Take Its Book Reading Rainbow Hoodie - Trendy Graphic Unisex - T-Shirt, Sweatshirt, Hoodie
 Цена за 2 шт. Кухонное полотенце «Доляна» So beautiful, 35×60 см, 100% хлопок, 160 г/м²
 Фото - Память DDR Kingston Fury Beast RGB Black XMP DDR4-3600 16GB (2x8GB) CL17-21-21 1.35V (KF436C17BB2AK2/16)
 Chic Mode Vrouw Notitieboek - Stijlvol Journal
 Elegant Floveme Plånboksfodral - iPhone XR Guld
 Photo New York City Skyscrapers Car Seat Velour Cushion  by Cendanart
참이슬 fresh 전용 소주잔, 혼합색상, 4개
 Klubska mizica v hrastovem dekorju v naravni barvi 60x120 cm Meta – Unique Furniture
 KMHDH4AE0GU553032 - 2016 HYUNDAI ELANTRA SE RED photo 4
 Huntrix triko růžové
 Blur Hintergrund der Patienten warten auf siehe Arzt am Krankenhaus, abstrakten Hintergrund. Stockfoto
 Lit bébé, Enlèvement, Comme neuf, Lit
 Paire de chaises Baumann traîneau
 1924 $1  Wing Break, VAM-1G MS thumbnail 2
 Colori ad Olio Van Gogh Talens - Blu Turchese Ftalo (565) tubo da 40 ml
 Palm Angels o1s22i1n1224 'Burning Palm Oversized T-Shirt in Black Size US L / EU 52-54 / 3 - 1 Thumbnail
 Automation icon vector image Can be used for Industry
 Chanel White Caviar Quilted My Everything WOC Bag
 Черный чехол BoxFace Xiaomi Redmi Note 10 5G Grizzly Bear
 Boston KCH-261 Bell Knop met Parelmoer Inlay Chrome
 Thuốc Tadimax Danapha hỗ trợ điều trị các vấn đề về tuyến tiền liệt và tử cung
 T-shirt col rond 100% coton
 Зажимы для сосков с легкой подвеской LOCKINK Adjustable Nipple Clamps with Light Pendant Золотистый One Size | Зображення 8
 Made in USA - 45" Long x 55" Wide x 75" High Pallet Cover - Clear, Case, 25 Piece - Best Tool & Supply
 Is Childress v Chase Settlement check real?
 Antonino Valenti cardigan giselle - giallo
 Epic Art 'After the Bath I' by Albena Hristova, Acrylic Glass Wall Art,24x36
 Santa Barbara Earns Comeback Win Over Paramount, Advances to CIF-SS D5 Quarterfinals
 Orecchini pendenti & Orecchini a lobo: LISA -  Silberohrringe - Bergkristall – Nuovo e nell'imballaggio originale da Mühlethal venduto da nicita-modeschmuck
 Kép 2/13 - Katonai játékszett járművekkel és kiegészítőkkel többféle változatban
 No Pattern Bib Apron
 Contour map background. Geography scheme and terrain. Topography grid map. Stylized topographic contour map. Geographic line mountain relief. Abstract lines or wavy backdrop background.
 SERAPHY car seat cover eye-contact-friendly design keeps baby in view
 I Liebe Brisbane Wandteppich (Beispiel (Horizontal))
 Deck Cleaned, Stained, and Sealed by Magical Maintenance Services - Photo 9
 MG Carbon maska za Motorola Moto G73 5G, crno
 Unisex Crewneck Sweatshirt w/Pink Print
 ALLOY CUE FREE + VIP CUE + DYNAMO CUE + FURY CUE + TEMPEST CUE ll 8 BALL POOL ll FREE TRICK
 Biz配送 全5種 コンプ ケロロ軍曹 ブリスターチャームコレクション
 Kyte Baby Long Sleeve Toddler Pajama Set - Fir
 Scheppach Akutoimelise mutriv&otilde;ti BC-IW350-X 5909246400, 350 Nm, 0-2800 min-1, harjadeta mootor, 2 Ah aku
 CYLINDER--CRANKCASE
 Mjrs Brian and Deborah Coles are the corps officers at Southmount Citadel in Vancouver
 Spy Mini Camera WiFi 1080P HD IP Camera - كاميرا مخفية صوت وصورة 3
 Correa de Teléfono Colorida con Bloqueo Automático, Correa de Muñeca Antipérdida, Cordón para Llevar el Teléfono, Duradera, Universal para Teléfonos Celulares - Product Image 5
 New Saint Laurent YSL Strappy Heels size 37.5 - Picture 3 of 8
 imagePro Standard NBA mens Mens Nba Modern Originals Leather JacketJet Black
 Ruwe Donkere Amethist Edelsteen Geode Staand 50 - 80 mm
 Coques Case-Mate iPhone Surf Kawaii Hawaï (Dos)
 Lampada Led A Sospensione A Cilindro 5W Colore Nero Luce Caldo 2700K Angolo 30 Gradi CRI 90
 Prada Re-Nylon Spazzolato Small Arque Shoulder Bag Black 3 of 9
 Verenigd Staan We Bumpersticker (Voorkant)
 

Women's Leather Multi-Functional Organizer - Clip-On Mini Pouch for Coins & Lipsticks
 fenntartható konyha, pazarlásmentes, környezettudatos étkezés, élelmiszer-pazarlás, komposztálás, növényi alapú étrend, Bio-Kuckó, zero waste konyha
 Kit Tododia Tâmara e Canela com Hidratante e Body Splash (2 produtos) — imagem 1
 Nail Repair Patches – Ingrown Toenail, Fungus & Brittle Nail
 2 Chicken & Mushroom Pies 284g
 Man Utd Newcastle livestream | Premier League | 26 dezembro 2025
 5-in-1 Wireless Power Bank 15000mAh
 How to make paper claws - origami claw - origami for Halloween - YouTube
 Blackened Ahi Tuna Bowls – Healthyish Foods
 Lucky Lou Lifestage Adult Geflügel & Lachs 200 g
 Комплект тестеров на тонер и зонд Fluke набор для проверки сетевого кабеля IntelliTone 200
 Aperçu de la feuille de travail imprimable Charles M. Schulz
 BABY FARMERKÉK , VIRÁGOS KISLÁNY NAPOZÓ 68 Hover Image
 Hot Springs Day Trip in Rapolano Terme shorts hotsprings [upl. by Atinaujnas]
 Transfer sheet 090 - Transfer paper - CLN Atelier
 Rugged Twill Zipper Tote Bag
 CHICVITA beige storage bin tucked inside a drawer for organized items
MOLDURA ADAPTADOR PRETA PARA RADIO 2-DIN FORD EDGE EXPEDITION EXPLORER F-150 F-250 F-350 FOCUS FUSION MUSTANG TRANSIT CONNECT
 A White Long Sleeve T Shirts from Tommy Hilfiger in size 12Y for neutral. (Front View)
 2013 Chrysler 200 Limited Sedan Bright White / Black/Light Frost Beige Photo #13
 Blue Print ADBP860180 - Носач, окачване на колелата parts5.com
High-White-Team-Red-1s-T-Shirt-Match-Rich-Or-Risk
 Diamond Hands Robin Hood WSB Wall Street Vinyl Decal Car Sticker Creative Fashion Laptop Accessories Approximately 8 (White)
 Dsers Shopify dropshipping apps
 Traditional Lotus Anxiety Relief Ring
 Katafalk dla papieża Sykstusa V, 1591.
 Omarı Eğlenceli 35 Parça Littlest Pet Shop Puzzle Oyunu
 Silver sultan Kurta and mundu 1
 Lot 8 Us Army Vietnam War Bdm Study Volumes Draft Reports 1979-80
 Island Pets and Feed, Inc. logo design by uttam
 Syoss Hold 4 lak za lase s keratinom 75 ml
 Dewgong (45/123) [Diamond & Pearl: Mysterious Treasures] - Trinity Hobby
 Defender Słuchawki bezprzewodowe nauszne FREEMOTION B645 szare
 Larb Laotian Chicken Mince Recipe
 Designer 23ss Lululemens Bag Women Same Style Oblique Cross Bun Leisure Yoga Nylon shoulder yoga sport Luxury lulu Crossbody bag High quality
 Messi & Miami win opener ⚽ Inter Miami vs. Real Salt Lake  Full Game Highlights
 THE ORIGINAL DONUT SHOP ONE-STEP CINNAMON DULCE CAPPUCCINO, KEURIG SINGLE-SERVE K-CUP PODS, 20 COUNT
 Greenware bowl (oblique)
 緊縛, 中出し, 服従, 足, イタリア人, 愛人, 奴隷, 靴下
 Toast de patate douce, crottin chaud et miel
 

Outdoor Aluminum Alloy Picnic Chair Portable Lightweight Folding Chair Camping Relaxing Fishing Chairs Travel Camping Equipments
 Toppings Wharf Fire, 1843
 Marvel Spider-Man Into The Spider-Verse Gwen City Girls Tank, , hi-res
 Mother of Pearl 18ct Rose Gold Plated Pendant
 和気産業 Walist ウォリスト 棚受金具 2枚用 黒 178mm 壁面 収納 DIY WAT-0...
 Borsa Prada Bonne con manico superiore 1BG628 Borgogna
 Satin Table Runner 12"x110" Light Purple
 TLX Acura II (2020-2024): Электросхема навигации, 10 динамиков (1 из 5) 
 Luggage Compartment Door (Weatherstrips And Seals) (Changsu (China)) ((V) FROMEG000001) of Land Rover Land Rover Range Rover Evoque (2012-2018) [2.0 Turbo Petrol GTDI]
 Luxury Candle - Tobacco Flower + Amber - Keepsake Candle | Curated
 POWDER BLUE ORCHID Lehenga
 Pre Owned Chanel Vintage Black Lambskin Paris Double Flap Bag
★ ★ ★ ★
_ASSIGNMENT_
Your answer must be the data above, copied exactly from its first line through the line containing "Kép 2/13 - Katonai", and nothing more.

_EXERCISE OUTPUT_
Take Its Book Reading Rainbow Hoodie - Trendy Graphic Unisex - T-Shirt, Sweatshirt, Hoodie
 Цена за 2 шт. Кухонное полотенце «Доляна» So beautiful, 35×60 см, 100% хлопок, 160 г/м²
 Фото - Память DDR Kingston Fury Beast RGB Black XMP DDR4-3600 16GB (2x8GB) CL17-21-21 1.35V (KF436C17BB2AK2/16)
 Chic Mode Vrouw Notitieboek - Stijlvol Journal
 Elegant Floveme Plånboksfodral - iPhone XR Guld
 Photo New York City Skyscrapers Car Seat Velour Cushion  by Cendanart
참이슬 fresh 전용 소주잔, 혼합색상, 4개
 Klubska mizica v hrastovem dekorju v naravni barvi 60x120 cm Meta – Unique Furniture
 KMHDH4AE0GU553032 - 2016 HYUNDAI ELANTRA SE RED photo 4
 Huntrix triko růžové
 Blur Hintergrund der Patienten warten auf siehe Arzt am Krankenhaus, abstrakten Hintergrund. Stockfoto
 Lit bébé, Enlèvement, Comme neuf, Lit
 Paire de chaises Baumann traîneau
 1924 $1  Wing Break, VAM-1G MS thumbnail 2
 Colori ad Olio Van Gogh Talens - Blu Turchese Ftalo (565) tubo da 40 ml
 Palm Angels o1s22i1n1224 'Burning Palm Oversized T-Shirt in Black Size US L / EU 52-54 / 3 - 1 Thumbnail
 Automation icon vector image Can be used for Industry
 Chanel White Caviar Quilted My Everything WOC Bag
 Черный чехол BoxFace Xiaomi Redmi Note 10 5G Grizzly Bear
 Boston KCH-261 Bell Knop met Parelmoer Inlay Chrome
 Thuốc Tadimax Danapha hỗ trợ điều trị các vấn đề về tuyến tiền liệt và tử cung
 T-shirt col rond 100% coton
 Зажимы для сосков с легкой подвеской LOCKINK Adjustable Nipple Clamps with Light Pendant Золотистый One Size | Зображення 8
 Made in USA - 45" Long x 55" Wide x 75" High Pallet Cover - Clear, Case, 25 Piece - Best Tool & Supply
 Is Childress v Chase Settlement check real?
 Antonino Valenti cardigan giselle - giallo
 Epic Art 'After the Bath I' by Albena Hristova, Acrylic Glass Wall Art,24x36
 Santa Barbara Earns Comeback Win Over Paramount, Advances to CIF-SS D5 Quarterfinals
 Orecchini pendenti & Orecchini a lobo: LISA -  Silberohrringe - Bergkristall – Nuovo e nell'imballaggio originale da Mühlethal venduto da nicita-modeschmuck
 Kép 2/13 - Katonai játékszett járművekkel és kiegészítőkkel többféle változatban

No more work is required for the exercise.